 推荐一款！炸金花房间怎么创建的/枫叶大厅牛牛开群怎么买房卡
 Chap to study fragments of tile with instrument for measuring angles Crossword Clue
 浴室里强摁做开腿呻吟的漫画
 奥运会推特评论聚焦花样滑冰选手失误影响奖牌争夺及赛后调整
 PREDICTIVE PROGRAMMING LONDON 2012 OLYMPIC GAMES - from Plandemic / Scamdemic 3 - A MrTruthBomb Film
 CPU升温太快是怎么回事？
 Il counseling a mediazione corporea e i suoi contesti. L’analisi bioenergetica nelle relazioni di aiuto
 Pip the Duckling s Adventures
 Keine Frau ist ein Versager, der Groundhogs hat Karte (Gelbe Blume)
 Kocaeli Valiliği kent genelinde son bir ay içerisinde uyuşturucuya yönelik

---

**Exercise brief**
All lines starting at the one holding "Pip the Duckling s Adventures" and ending at the last line above must be output exactly, and no other line may appear.

**Completed task**
 Pip the Duckling s Adventures
 Keine Frau ist ein Versager, der Groundhogs hat Karte (Gelbe Blume)
 Kocaeli Valiliği kent genelinde son bir ay içerisinde uyuşturucuya yönelik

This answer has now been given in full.